I’ve seen books,” said Will. “And I’ve read them too. I’ve been to the
British Library.”
“The boy is just full of surprises.” Will’s dad held out his cup for further
coffee. “But you can call up books on the home screen.”
“Not like these Victorian books. I’ve read The Adventures of Sherlock
Holmes. The works of Oscar Wilde. And amazing books by H. G. Wells,
Jules Verne and Edgar Allen Poe. I go every lunchtime. I have a special
pass because I work at the Tate. I can’t touch the actual books, but they’re
all on digital.”
“I’m amazed,” said Will’s dad. “But surely you should be on your way to
work now?”
“Indeed, yes.” Will finished his coffee and rose from his special chair.
“Off to work. Off to the art and the literature of the past.”
“He’s a weirdo,” said Will’s mum.
“He’s not,” said Will’s dad. “He’s simply Will.”
Will togged up in sufficient protective outerwear to ensure the prolongation
of his existence and bade his farewells to his mother and father. He would
have taken the lift to the ground floor, had it been working. But it wasn’t
working. It was broken yet again, and so Will was forced to trudge down
the many, many stairs, no easy feat in a chem-proof suit that was many,
many sizes too large, before braving the acid rain and plodding through it
to the tram station.
Once inside he passed through decontamination – a hose-down,
followed by a big blow-dry – then he raised his weather dome to admit an
iris scan of his eyeballs, which confirmed his identity and present credit
status, and allowed him access to the covered platform.
The never-ending shuttle train of trams, thirty-two miles of linked
carriages, followed a circular route through London Central, The Great High
Rise and surrounding conurbation areas. It moved with painful slowness
and was dreary to behold. Will awaited the arrival of a carriage that did not
look altogether full, pressed a large entry button and, as the door slid
aside, stepped aboard the moving carriage.
Large folk sat upon large seats, heavily and sombrely. None raised their
eyes towards young Will, nor offered him a “good morning”. Their heads
were down, their masssive shoulders slumped; all were going off to work
and few were going gladly.
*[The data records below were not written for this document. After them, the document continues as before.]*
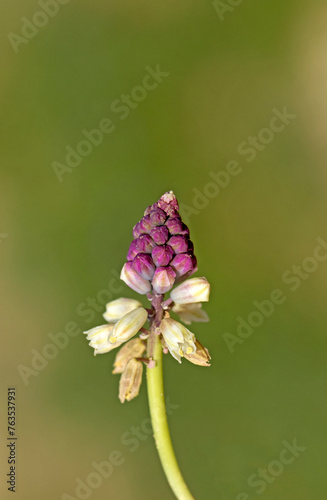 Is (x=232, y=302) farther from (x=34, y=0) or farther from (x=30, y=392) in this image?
(x=34, y=0)

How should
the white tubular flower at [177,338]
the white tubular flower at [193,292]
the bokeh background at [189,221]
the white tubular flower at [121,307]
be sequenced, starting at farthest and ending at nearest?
the bokeh background at [189,221], the white tubular flower at [121,307], the white tubular flower at [193,292], the white tubular flower at [177,338]

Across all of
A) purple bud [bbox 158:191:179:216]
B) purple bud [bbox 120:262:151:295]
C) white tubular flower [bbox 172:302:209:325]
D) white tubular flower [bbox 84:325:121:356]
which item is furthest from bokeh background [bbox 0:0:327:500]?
purple bud [bbox 158:191:179:216]

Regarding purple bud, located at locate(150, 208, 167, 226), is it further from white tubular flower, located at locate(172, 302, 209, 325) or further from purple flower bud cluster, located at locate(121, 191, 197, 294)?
white tubular flower, located at locate(172, 302, 209, 325)

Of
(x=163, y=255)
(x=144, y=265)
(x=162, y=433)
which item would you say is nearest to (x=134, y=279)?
(x=144, y=265)

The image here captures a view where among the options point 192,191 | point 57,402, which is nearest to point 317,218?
point 192,191

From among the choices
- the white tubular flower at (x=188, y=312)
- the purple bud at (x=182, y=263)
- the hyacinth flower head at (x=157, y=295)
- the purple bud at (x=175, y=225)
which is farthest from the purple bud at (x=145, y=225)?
the white tubular flower at (x=188, y=312)

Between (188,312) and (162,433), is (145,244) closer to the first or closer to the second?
(188,312)

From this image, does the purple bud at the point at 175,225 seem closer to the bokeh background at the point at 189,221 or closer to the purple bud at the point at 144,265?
the purple bud at the point at 144,265

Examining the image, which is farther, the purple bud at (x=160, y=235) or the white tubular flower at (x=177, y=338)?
the purple bud at (x=160, y=235) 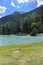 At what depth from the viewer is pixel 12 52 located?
18094 millimetres

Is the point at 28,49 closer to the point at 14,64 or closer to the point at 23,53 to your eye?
the point at 23,53

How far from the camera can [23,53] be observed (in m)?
17.8

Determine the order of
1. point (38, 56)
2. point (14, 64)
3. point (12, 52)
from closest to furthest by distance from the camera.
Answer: point (14, 64), point (38, 56), point (12, 52)

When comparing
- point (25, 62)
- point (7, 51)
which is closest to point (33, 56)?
point (25, 62)

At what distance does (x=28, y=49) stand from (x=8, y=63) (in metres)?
3.79

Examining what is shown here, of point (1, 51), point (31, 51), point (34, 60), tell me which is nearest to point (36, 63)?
point (34, 60)

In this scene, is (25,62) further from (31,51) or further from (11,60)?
(31,51)

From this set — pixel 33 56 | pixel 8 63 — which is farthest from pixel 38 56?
pixel 8 63

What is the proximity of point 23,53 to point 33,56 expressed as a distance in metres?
1.13

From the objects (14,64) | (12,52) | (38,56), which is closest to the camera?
(14,64)

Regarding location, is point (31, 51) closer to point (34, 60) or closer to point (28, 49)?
point (28, 49)

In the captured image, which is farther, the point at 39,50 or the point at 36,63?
the point at 39,50

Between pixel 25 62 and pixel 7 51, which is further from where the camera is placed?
pixel 7 51

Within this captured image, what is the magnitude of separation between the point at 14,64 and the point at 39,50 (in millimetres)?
3964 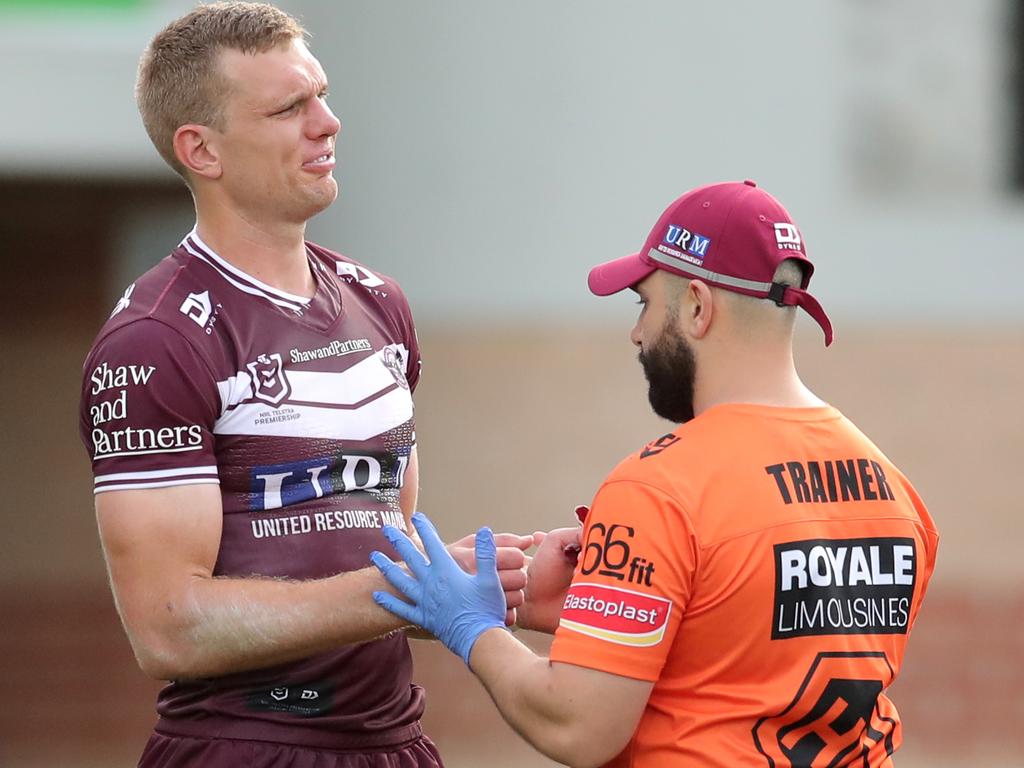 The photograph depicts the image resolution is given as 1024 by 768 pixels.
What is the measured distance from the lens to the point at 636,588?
8.97ft

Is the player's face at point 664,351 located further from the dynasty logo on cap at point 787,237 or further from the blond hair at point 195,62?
the blond hair at point 195,62

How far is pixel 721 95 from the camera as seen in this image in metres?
7.80

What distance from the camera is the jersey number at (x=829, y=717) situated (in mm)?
2814

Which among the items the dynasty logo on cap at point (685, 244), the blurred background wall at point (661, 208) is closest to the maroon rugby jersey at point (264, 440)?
the dynasty logo on cap at point (685, 244)

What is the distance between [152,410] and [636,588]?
1068mm

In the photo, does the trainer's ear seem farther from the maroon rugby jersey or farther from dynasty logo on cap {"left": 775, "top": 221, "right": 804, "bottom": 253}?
the maroon rugby jersey

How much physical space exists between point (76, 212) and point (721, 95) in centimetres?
372

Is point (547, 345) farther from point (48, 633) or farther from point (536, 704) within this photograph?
point (536, 704)

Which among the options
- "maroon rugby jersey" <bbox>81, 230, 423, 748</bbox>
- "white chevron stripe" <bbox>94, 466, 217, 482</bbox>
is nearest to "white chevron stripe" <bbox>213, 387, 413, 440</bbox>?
"maroon rugby jersey" <bbox>81, 230, 423, 748</bbox>

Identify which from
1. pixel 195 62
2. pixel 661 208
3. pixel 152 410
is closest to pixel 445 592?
pixel 152 410

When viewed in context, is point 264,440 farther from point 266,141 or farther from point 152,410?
point 266,141

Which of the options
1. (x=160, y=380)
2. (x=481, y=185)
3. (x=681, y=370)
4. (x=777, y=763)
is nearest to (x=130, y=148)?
(x=481, y=185)

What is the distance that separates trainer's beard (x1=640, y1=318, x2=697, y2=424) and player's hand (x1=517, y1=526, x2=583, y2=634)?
41 cm

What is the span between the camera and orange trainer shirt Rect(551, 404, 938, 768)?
9.02ft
The morning tram had never been a transport of
delight.
The in-car entertainment was, upon this particular day, of the corporate
morale-boosting persuasion: plump, jolly holograms, fresh-faced guys and
gals, cavorted up and down the carriage, extolling the virtues of a job well
done for an employer who more than just cared. At intervals they flickered
and slurred, ran into reverse, or stopped altogether. The system was long
overdue for an overhaul – as was most everything else.
Will settled himself into a seat and ignored the colourful chaos. He took
off his rubberised mittens, fished into the pocket of his grossly oversized
chem-proof and brought out his personal palm-top.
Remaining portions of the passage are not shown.